Posted by Joel Beck | Apr 16, 2026 | 0 Comments

Leaving money to a child sounds simple, yet the legal steps behind it can get messy fast. Georgia courts treat minors differently, which affects life insurance, retirement accounts, and even basic bank accounts.

At Peach State Wills and Trusts®, we help Georgia families set up plans that care for kids and avoid court headaches. In this article, we explain what happens when a minor is named as a beneficiary, then walk through guardianship and trust options that align with Georgia law and real family life.

Consequences of Naming a Minor as Beneficiary

Under Georgia law, a minor cannot take title to assets directly. That covers life insurance, IRAs, brokerage accounts, and even proceeds from a home sale.

When a minor is named outright, the probate court often gets involved. The court can appoint a conservator to hold and manage the money until the child turns 18, which is the age of majority in Georgia.
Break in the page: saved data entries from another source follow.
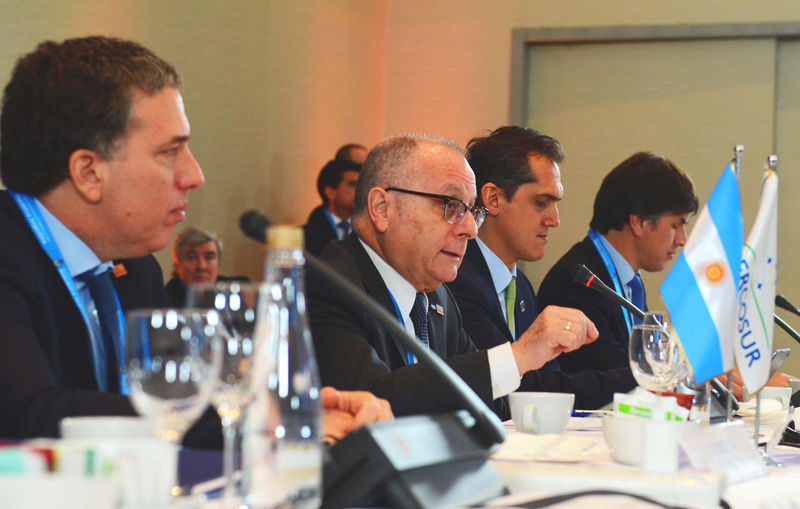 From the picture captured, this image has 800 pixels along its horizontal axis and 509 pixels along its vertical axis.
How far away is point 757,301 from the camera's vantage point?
1.78m

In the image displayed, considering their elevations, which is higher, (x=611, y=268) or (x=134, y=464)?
(x=611, y=268)

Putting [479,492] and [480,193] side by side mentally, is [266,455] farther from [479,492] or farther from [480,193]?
[480,193]

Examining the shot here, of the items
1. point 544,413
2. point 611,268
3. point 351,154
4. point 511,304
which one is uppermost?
point 351,154

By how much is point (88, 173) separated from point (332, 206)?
3.32m

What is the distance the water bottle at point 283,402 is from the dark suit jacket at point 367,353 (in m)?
1.01

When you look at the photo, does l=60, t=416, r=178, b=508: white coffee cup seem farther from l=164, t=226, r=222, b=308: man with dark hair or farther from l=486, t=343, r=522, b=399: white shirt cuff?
l=164, t=226, r=222, b=308: man with dark hair

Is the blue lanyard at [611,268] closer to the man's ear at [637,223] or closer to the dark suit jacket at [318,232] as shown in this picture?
the man's ear at [637,223]

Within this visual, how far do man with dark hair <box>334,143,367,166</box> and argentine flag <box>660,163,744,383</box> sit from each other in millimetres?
3422

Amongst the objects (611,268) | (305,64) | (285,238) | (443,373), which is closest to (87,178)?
(443,373)

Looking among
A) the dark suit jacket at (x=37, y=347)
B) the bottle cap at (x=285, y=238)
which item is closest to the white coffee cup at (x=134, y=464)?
the bottle cap at (x=285, y=238)

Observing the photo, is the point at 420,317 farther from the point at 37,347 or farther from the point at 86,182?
the point at 37,347

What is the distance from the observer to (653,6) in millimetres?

This process can lead to legal delays, additional fees, and less control over how funds are used for the child. Parents or loved ones lose the chance to shape timing, guard against waste, or guide education and health costs over time.
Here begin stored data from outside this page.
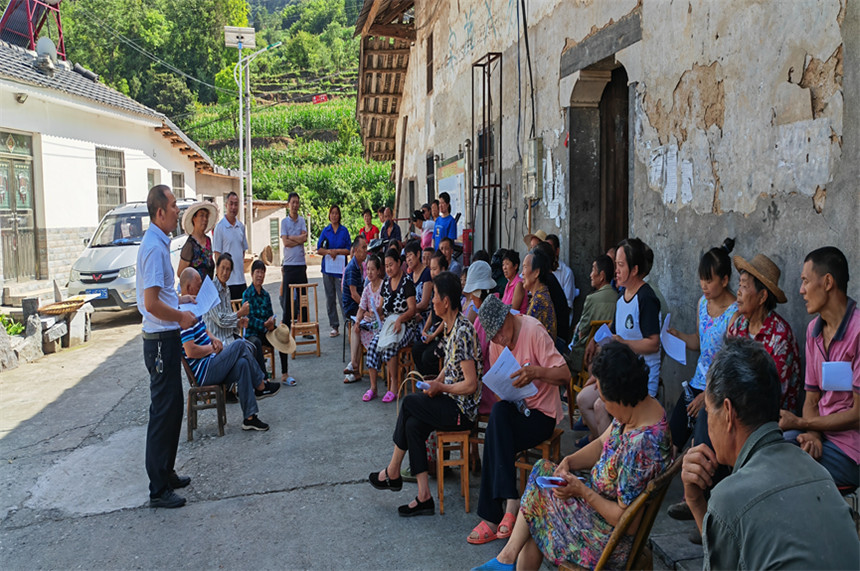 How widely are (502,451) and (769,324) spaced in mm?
1539

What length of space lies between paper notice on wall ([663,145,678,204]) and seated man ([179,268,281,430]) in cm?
370

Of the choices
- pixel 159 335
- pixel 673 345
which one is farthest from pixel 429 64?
pixel 673 345

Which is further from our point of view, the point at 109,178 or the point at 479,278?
the point at 109,178

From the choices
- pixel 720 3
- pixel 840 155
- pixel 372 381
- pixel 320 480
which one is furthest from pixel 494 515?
pixel 720 3

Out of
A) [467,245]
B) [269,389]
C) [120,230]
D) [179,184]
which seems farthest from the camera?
[179,184]

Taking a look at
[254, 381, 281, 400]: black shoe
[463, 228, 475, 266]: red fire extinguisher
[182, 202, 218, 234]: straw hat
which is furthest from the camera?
[463, 228, 475, 266]: red fire extinguisher

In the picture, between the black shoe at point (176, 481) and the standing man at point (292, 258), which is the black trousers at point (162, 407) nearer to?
the black shoe at point (176, 481)

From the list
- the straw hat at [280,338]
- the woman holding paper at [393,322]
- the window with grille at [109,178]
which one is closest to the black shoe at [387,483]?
the woman holding paper at [393,322]

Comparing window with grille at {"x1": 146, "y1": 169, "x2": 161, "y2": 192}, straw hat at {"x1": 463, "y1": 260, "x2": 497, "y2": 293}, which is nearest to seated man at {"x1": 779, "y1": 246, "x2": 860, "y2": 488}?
straw hat at {"x1": 463, "y1": 260, "x2": 497, "y2": 293}

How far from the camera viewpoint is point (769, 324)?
133 inches

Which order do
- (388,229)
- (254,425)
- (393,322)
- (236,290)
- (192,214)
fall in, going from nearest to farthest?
(254,425), (192,214), (393,322), (236,290), (388,229)

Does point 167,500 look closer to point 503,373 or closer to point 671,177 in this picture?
point 503,373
Here are common problems we see when a minor is named directly on beneficiary forms or in a will:

  • Court appointment of a conservator, with bonds, accountings, and ongoing oversight.

  • One-size-fits-all handoff at age 18, even if the amount is large or the child is not ready.

  • Higher legal costs and delayed access to funds for school, health, or housing.

Life insurance and retirement accounts need special attention, since beneficiary designations control where the money goes. If the named beneficiary is a minor, the insurer or plan administrator can require a court order before paying out, which slows support at the exact moment a family needs help.

What Not To Do

Sometimes, we'll have a new client come in and tell us that they really want to provide for their minor child, but they know they can't leave something to the minor directly.  So, they say, they want to leave everything to their parents, or a sibling or friend, who will “do the right thing” and look after the minor, using the funds for that purpose.  While this sounds like something that might work, the legal reality is that this is simply a horrible idea.  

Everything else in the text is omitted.